Charles Dickens

That affair of Henry's that I told you of, is to take place. Now, how does it strike you? I am dying to know, because you represent and express Society so well.'

Mrs Merdle reviewed the bosom which Society was accustomed to review; and having ascertained that show-window of Mr Merdle's and the London jewellers' to be in good order, replied:

'As to marriage on the part of a man, my dear, Society requires that he should retrieve his fortunes by marriage. Society requires that he should gain by marriage. Society requires that he should found a handsome establishment by marriage. Society does not see, otherwise, what he has to do with marriage. Bird, be quiet!'

For the parrot on his cage above them, presiding over the conference as if he were a judge (and indeed he looked rather like one), had wound up the exposition with a shriek.

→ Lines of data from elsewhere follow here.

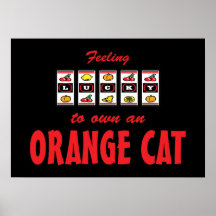 Afortunado a propio un diseño anaranjado del gato  impresiones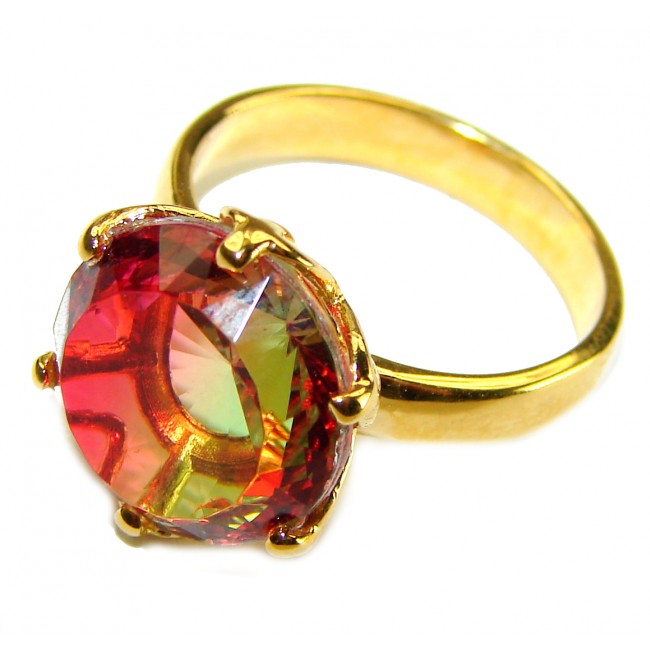 7.9 carat Round cut Brazilian Tourmaline 14K Gold over .925 Sterling Silver Perfectly handcrafted Ring s. 5 3/4 - photo 1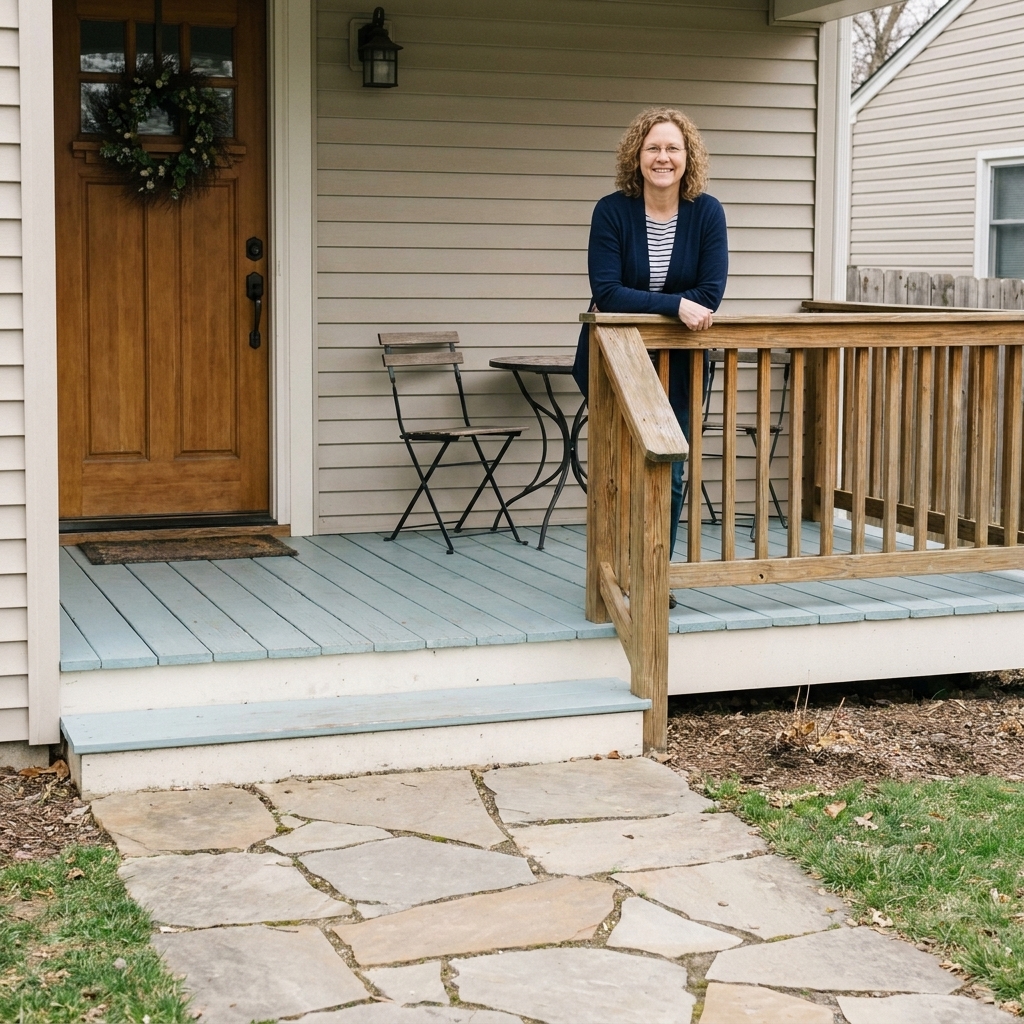 A front porch with painted floorboards, a small round bistro table set to the side of a front door, and a clear pathway from the door to the steps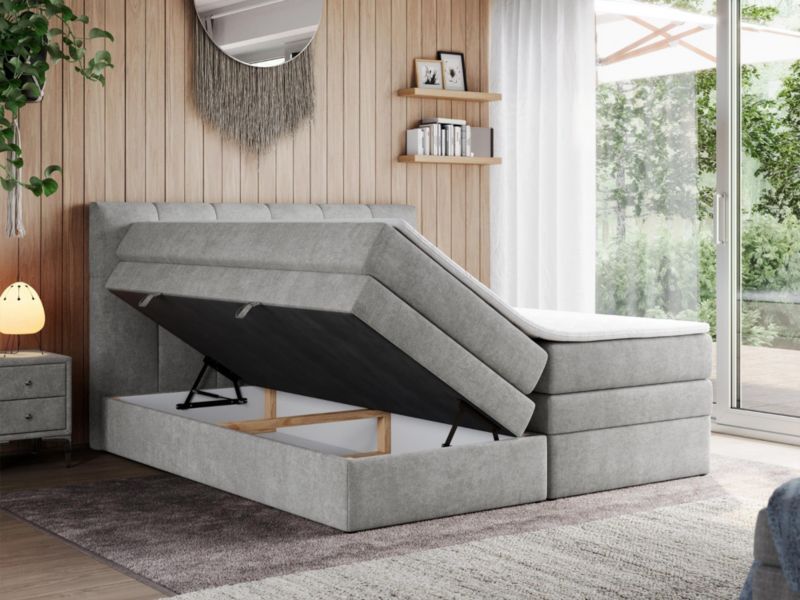 Łóżko kontynentalne MKS Meble ALVIN KING 180x200 H4 Jasnoszary struktura 1szt.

'Cases there are,' said Mrs Merdle, delicately crooking the little finger of her favourite hand, and making her remarks neater by that neat action; 'cases there are where a man is not young or elegant, and is rich, and has a handsome establishment already. Those are of a different kind. In such cases--'

Mrs Merdle shrugged her snowy shoulders and put her hand upon the jewel-stand, checking a little cough, as though to add, 'why, a man looks out for this sort of thing, my dear.' Then the parrot shrieked again, and she put up her glass to look at him, and said, 'Bird! Do be quiet!' 'But, young men,' resumed Mrs Merdle, 'and by young men you know what I mean, my love--I mean people's sons who have the world before them--they must place themselves in a better position towards Society by marriage, or Society really will not have any patience with their making fools of themselves. Dreadfully worldly all this sounds,' said Mrs Merdle, leaning back in her nest and putting up her glass again, 'does it not?'

'But it is true,' said Mrs Gowan, with a highly moral air.

'My dear, it is not to be disputed for a moment,' returned Mrs Merdle; 'because Society has made up its mind on the subject, and there is nothing more to be said. If we were in a more primitive state, if we lived under roofs of leaves, and kept cows and sheep and creatures instead of banker's accounts (which would be delicious; my dear, I am pastoral to a degree, by nature), well and good. But we don't live under leaves, and keep cows and sheep and creatures. I perfectly exhaust myself sometimes, in pointing out the distinction to Edmund Sparkler.'

Mrs Gowan, looking over her green fan when this young gentleman's name was mentioned, replied as follows:

'My love, you know the wretched state of the country--those unfortunate concessions of John Barnacle's!--and you therefore know the reasons for my being as poor as Thingummy.'

'A church mouse?' Mrs Merdle suggested with a smile.

'I was thinking of the other proverbial church person--Job,' said Mrs Gowan. 'Either will do. It would be idle to disguise, consequently, that there is a wide difference between the position of your son and mine. I may add, too, that Henry has talent--'

'Which Edmund certainly has not,' said Mrs Merdle, with the greatest suavity.

'--and that his talent, combined with disappointment,' Mrs Gowan went on, 'has led him into a pursuit which--ah dear me! You know, my dear. Such being Henry's different position, the question is what is the most inferior class of marriage to which I can reconcile myself.'

Mrs Merdle was so much engaged with the contemplation of her arms (beautiful-formed arms, and the very thing for bracelets), that she omitted to reply for a while. Roused at length by the silence, she folded the arms, and with admirable presence of mind looked her friend full in the face, and said interrogatively, 'Ye-es? And then?'

'And then, my dear,' said Mrs Gowan not quite so sweetly as before, 'I should be glad to hear what you have to say to it.'

Here the parrot, who had been standing on one leg since he screamed last, burst into a fit of laughter, bobbed himself derisively up and down on both legs, and finished by standing on one leg again, and pausing for a reply, with his head as much awry as he could possibly twist it.